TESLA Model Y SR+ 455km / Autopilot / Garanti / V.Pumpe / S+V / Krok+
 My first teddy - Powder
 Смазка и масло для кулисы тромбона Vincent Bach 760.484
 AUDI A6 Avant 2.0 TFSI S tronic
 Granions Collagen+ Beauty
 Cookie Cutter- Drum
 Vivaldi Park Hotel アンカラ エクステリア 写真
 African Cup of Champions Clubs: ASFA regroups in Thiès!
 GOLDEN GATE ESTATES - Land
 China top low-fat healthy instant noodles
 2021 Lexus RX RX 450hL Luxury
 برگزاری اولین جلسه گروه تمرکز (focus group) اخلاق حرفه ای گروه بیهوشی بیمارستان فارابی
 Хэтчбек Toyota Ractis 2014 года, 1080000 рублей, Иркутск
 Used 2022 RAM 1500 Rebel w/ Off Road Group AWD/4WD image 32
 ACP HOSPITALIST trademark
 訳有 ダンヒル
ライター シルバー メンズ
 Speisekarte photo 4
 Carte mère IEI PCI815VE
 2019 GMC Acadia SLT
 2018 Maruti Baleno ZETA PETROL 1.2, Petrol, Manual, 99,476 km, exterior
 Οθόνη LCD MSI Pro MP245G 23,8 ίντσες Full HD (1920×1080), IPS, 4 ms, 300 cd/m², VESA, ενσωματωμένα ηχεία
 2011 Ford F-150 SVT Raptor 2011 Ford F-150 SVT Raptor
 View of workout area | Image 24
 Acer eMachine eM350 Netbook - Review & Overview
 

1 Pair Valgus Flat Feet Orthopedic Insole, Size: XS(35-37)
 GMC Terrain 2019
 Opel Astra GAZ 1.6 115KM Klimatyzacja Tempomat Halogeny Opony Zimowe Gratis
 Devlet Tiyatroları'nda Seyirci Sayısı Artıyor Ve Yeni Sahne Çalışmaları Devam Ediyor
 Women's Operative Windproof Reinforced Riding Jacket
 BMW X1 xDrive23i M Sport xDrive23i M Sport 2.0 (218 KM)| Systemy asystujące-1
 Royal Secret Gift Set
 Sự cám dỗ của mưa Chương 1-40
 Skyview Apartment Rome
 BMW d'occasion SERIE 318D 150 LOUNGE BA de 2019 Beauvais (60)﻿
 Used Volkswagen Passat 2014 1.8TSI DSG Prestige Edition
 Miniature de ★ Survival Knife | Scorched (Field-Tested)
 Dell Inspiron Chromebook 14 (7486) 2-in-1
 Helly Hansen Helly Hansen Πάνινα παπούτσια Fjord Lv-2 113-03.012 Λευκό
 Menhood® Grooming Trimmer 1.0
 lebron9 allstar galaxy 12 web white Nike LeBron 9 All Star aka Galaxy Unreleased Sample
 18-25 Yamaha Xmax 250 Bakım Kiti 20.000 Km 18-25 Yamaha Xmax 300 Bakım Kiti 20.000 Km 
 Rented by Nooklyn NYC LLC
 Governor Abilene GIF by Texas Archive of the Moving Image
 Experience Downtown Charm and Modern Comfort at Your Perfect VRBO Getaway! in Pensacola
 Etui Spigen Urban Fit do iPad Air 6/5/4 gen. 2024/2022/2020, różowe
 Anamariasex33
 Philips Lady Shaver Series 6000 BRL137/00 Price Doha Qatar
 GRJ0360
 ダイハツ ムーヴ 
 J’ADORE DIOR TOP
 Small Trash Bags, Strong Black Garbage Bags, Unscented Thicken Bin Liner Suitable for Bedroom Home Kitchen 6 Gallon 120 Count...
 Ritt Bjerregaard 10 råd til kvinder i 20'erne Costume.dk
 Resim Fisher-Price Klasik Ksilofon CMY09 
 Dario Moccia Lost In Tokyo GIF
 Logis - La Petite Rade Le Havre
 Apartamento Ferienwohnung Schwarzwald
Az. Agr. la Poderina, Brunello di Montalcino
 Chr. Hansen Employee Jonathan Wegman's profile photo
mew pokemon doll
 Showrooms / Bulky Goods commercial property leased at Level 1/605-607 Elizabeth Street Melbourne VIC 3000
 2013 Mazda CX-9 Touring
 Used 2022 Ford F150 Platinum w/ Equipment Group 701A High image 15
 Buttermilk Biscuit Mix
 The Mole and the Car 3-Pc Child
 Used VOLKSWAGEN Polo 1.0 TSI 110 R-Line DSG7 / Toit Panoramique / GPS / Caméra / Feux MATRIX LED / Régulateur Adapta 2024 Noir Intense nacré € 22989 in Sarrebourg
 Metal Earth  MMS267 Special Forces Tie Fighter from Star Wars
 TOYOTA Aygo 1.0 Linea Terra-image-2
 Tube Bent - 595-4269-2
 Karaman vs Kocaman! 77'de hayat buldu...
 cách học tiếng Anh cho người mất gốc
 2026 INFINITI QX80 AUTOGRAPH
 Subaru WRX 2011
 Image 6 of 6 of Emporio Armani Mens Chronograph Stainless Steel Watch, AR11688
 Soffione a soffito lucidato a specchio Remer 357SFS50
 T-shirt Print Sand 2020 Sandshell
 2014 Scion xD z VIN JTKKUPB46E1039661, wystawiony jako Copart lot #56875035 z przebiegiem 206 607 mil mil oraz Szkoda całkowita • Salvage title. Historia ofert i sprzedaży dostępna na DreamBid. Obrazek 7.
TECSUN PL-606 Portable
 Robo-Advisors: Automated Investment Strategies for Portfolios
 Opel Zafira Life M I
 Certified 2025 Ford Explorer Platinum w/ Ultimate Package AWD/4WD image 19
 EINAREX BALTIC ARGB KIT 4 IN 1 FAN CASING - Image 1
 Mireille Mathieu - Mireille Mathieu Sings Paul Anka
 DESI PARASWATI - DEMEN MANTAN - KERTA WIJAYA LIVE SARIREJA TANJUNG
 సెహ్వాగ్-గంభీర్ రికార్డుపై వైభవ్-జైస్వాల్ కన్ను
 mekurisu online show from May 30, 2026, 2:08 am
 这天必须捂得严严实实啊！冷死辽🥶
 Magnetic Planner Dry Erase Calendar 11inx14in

+===+

* [WHAT IS BEING ASKED]
An unaltered copy of the listing above must form the answer.

* [TASK SOLUTION]
TESLA Model Y SR+ 455km / Autopilot / Garanti / V.Pumpe / S+V / Krok+
 My first teddy - Powder
 Смазка и масло для кулисы тромбона Vincent Bach 760.484
 AUDI A6 Avant 2.0 TFSI S tronic
 Granions Collagen+ Beauty
 Cookie Cutter- Drum
 Vivaldi Park Hotel アンカラ エクステリア 写真
 African Cup of Champions Clubs: ASFA regroups in Thiès!
 GOLDEN GATE ESTATES - Land
 China top low-fat healthy instant noodles
 2021 Lexus RX RX 450hL Luxury
 برگزاری اولین جلسه گروه تمرکز (focus group) اخلاق حرفه ای گروه بیهوشی بیمارستان فارابی
 Хэтчбек Toyota Ractis 2014 года, 1080000 рублей, Иркутск
 Used 2022 RAM 1500 Rebel w/ Off Road Group AWD/4WD image 32
 ACP HOSPITALIST trademark
 訳有 ダンヒル
ライター シルバー メンズ
 Speisekarte photo 4
 Carte mère IEI PCI815VE
 2019 GMC Acadia SLT
 2018 Maruti Baleno ZETA PETROL 1.2, Petrol, Manual, 99,476 km, exterior
 Οθόνη LCD MSI Pro MP245G 23,8 ίντσες Full HD (1920×1080), IPS, 4 ms, 300 cd/m², VESA, ενσωματωμένα ηχεία
 2011 Ford F-150 SVT Raptor 2011 Ford F-150 SVT Raptor
 View of workout area | Image 24
 Acer eMachine eM350 Netbook - Review & Overview
 

1 Pair Valgus Flat Feet Orthopedic Insole, Size: XS(35-37)
 GMC Terrain 2019
 Opel Astra GAZ 1.6 115KM Klimatyzacja Tempomat Halogeny Opony Zimowe Gratis
 Devlet Tiyatroları'nda Seyirci Sayısı Artıyor Ve Yeni Sahne Çalışmaları Devam Ediyor
 Women's Operative Windproof Reinforced Riding Jacket
 BMW X1 xDrive23i M Sport xDrive23i M Sport 2.0 (218 KM)| Systemy asystujące-1
 Royal Secret Gift Set
 Sự cám dỗ của mưa Chương 1-40
 Skyview Apartment Rome
 BMW d'occasion SERIE 318D 150 LOUNGE BA de 2019 Beauvais (60)﻿
 Used Volkswagen Passat 2014 1.8TSI DSG Prestige Edition
 Miniature de ★ Survival Knife | Scorched (Field-Tested)
 Dell Inspiron Chromebook 14 (7486) 2-in-1
 Helly Hansen Helly Hansen Πάνινα παπούτσια Fjord Lv-2 113-03.012 Λευκό
 Menhood® Grooming Trimmer 1.0
 lebron9 allstar galaxy 12 web white Nike LeBron 9 All Star aka Galaxy Unreleased Sample
 18-25 Yamaha Xmax 250 Bakım Kiti 20.000 Km 18-25 Yamaha Xmax 300 Bakım Kiti 20.000 Km 
 Rented by Nooklyn NYC LLC
 Governor Abilene GIF by Texas Archive of the Moving Image
 Experience Downtown Charm and Modern Comfort at Your Perfect VRBO Getaway! in Pensacola
 Etui Spigen Urban Fit do iPad Air 6/5/4 gen. 2024/2022/2020, różowe
 Anamariasex33
 Philips Lady Shaver Series 6000 BRL137/00 Price Doha Qatar
 GRJ0360
 ダイハツ ムーヴ 
 J’ADORE DIOR TOP
 Small Trash Bags, Strong Black Garbage Bags, Unscented Thicken Bin Liner Suitable for Bedroom Home Kitchen 6 Gallon 120 Count...
 Ritt Bjerregaard 10 råd til kvinder i 20'erne Costume.dk
 Resim Fisher-Price Klasik Ksilofon CMY09 
 Dario Moccia Lost In Tokyo GIF
 Logis - La Petite Rade Le Havre
 Apartamento Ferienwohnung Schwarzwald
Az. Agr. la Poderina, Brunello di Montalcino
 Chr. Hansen Employee Jonathan Wegman's profile photo
mew pokemon doll
 Showrooms / Bulky Goods commercial property leased at Level 1/605-607 Elizabeth Street Melbourne VIC 3000
 2013 Mazda CX-9 Touring
 Used 2022 Ford F150 Platinum w/ Equipment Group 701A High image 15
 Buttermilk Biscuit Mix
 The Mole and the Car 3-Pc Child
 Used VOLKSWAGEN Polo 1.0 TSI 110 R-Line DSG7 / Toit Panoramique / GPS / Caméra / Feux MATRIX LED / Régulateur Adapta 2024 Noir Intense nacré € 22989 in Sarrebourg
 Metal Earth  MMS267 Special Forces Tie Fighter from Star Wars
 TOYOTA Aygo 1.0 Linea Terra-image-2
 Tube Bent - 595-4269-2
 Karaman vs Kocaman! 77'de hayat buldu...
 cách học tiếng Anh cho người mất gốc
 2026 INFINITI QX80 AUTOGRAPH
 Subaru WRX 2011
 Image 6 of 6 of Emporio Armani Mens Chronograph Stainless Steel Watch, AR11688
 Soffione a soffito lucidato a specchio Remer 357SFS50
 T-shirt Print Sand 2020 Sandshell
 2014 Scion xD z VIN JTKKUPB46E1039661, wystawiony jako Copart lot #56875035 z przebiegiem 206 607 mil mil oraz Szkoda całkowita • Salvage title. Historia ofert i sprzedaży dostępna na DreamBid. Obrazek 7.
TECSUN PL-606 Portable
 Robo-Advisors: Automated Investment Strategies for Portfolios
 Opel Zafira Life M I
 Certified 2025 Ford Explorer Platinum w/ Ultimate Package AWD/4WD image 19
 EINAREX BALTIC ARGB KIT 4 IN 1 FAN CASING - Image 1
 Mireille Mathieu - Mireille Mathieu Sings Paul Anka
 DESI PARASWATI - DEMEN MANTAN - KERTA WIJAYA LIVE SARIREJA TANJUNG
 సెహ్వాగ్-గంభీర్ రికార్డుపై వైభవ్-జైస్వాల్ కన్ను
 mekurisu online show from May 30, 2026, 2:08 am
 这天必须捂得严严实实啊！冷死辽🥶
 Magnetic Planner Dry Erase Calendar 11inx14in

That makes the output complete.